Bloomberg Law: Privacy & Data Security brings you single-source access to the expertise of Bloomberg Law’s privacy and data security editorial team, contributing practitioners,...
By Brian Yap
The European Union and Japan are close to finalizing a data privacy pact that will tear down legal barriers and ease the flow of personal data between the EU and the Asian nation.
Japan will formally recognize that the EU’s data protection regime, the General Data Protection Regulation provides equivalent privacy protections to its law after the EU makes a comparable finding that Japan’s privacy law is equivalent to the GDPR, Satoru Hamaguchi, director of Japan’s independent Personal Information Protection Commission (PPC), told Bloomberg Law.
The European Commission has said it plans to recognize Japan’s law by the end of 2018.
The pact will mark the first time the EU has found an Asian country’s data protection laws adequately safeguard EU data. It will greatly simplify data transfers for Japanese companies doing business in the European Economic Area (EEA). It also is the first mutual data protection adequacy agreement the EU will enter into.
The deal will open up “the world’s largest area of safe transfers of data based on a high level of protection for personal data,” according to a European Commission statement.
The pact will mean new obligations for Japanese companies but could also be a boon to corporations, including Mitsubishi Corp, Mitsui Corp, Sumitomo Corp, Itochu and Marubeni Corp.
The deal will complement the Economic Partnership Agreement, an EU-Japan free trade agreement that will take effect after the European Parliament and the Japanese Diet ratify it.
The European Commission is now in talks with South Korea on a comparable data protection adequacy deal.
Japanese companies have had to rely on less efficient ways to transfer data from the EU, such as negotiating standard contractual clauses or binding corporate rules, which can take years to finalize.
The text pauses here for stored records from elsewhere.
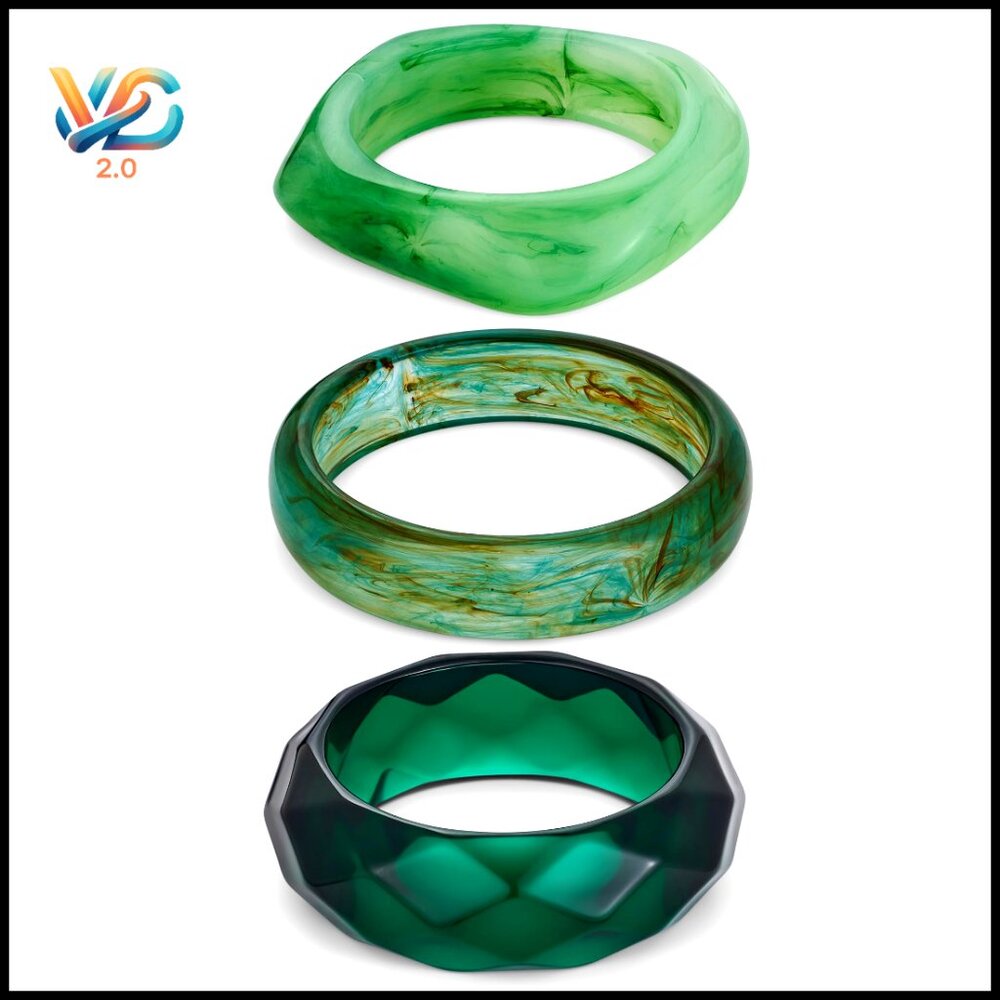 Chunky Geometric Acrylic Resin Bangle Bracelets Set Punk Statement Wristbands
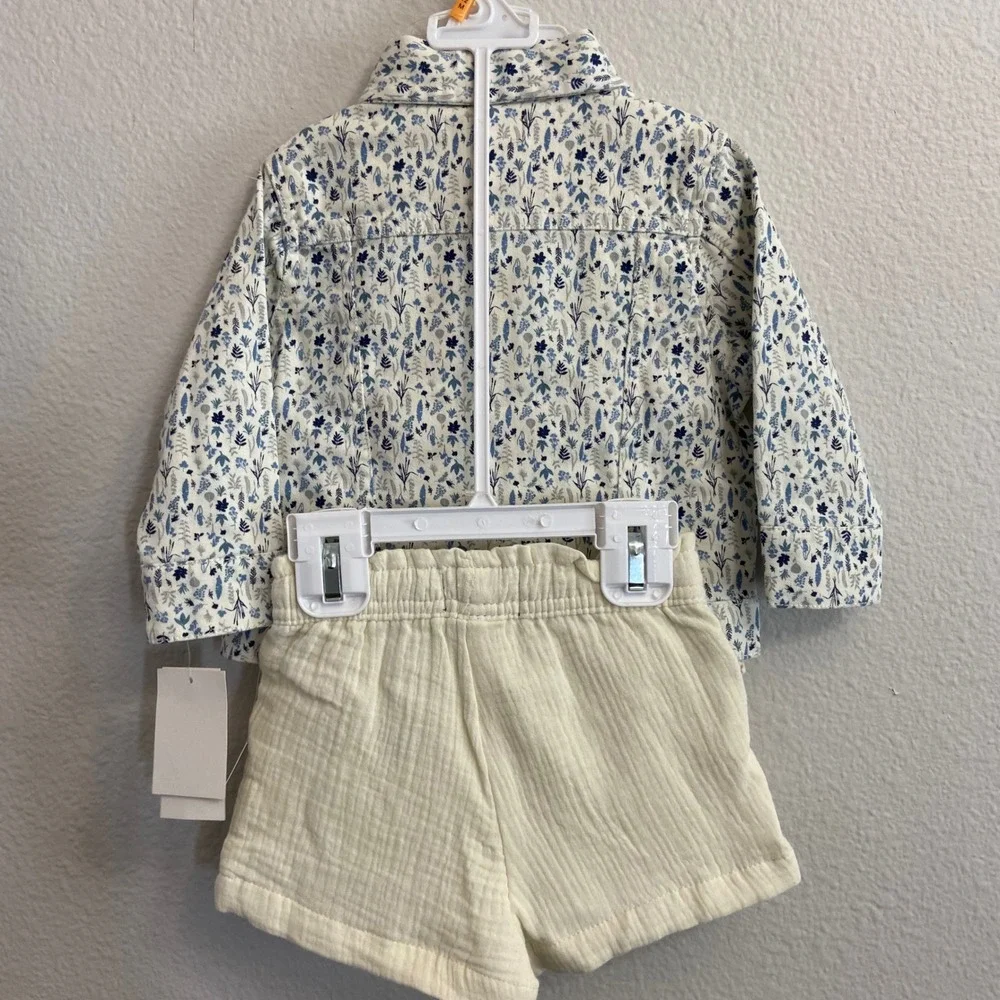 7 For All Mankind Baby Floral Jacket/Shirt/Shorts Set 12M Marshmallow Crème NEW‎
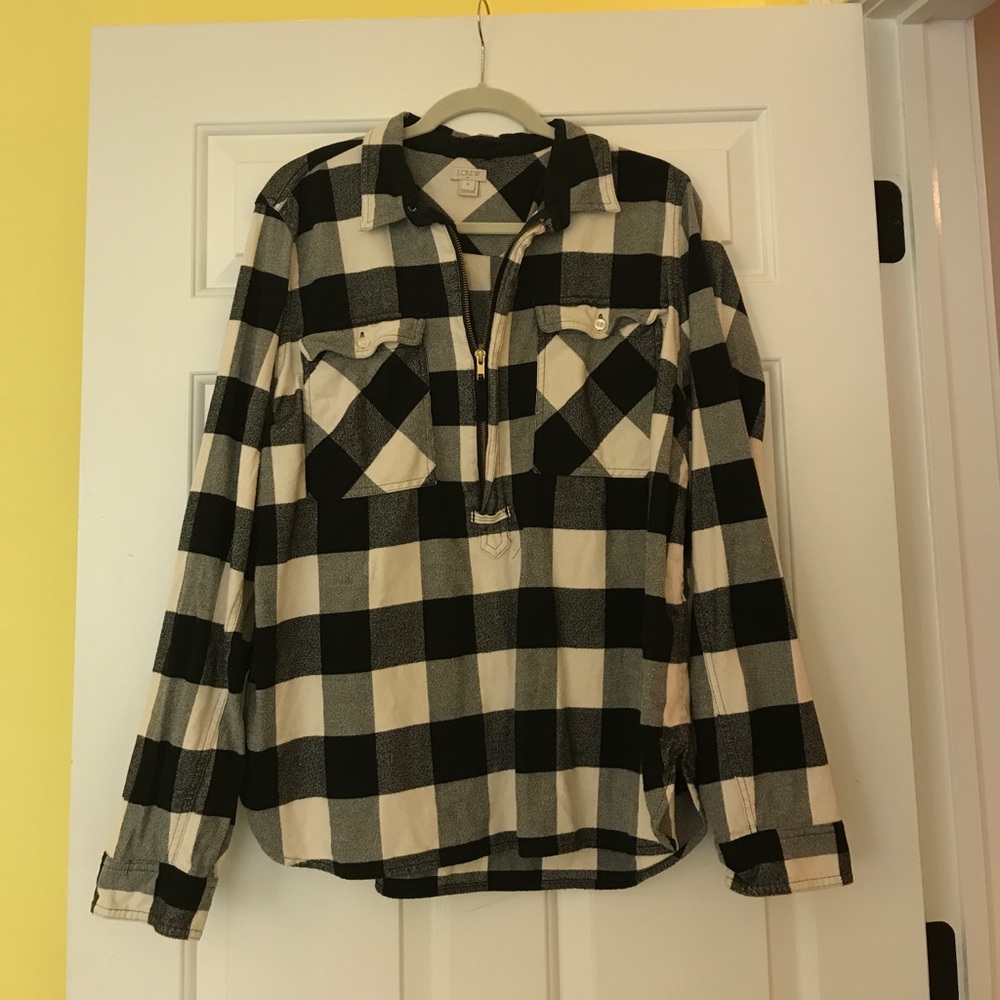 J crew black and white checkered top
Major Japanese companies with EU operations stand to benefit, “mainly because they do not have to execute Standard Contractual Clauses and establish Binding Corporate Rules, which had been putting a lot of burden on companies,” Yakura said.
The EU Directorate-General for Justice and Consumers has created a draft Commission Implementing Decision on Japan’s adequate protection of personal data, and distributed it to each of the EU member countries for review.
The European Commission Sept. 5 published a draft adequacy decision, which started the formal EU process to finalize the agreement with Japan.
To close the deal, Japan must adopt five supplementary safeguards to close gaps between its data protection, the Act on the Protection of Personal Information (APPI), and the GDPR. Japan also must set up a complaint procedure for EU citizens who want access to data held by Japanese public authorities, including police and security agencies, Hamaguchi said.
“These five remaining items must be followed by Japanese multinationals post-adequacy recognition if they want to transfer personal information or data from their EU subsidiaries back to the Japanese headquarters,” Yakura said.
The rules are legally binding, and corporations must follow them when dealing with data transferred from the EU. The PPC may, according to guidelines to the supplementary rules, issue a recommendation or order against companies that breach the rules. The PPC issued the rules, which only apply to private companies.
The PPC will oversee the safeguards and the complaint handling system, which will take effect once the EU completes its adequacy recognition, Hamaguchi said.
Japan must adjust its definition of sensitive data, change the length of time individuals can access their retained personal data, and alter how individuals must be informed of the purpose for which their data was obtained, Yakura said. Japan also must heighten its standard for anonymizing EU data and increase the level of protection required for for transfers of EU data from Japan to another country.
For example, Japan must classify information on an individual’s sexual orientation, sex life, or labor union status as sensitive, which will trigger a higher level of data protection. The European Union deems such information as sensitive under the GDPR.
Under Japan’s APPI, a data subject loses the right to delete or modify his or her personal data if it is meant to be retained for less than six months. Under the GDPR, the data subject is entitled to request the deletion or modification of such information even if it is retained for more than six months. Japan must conform to the EU standard under the prospective pact.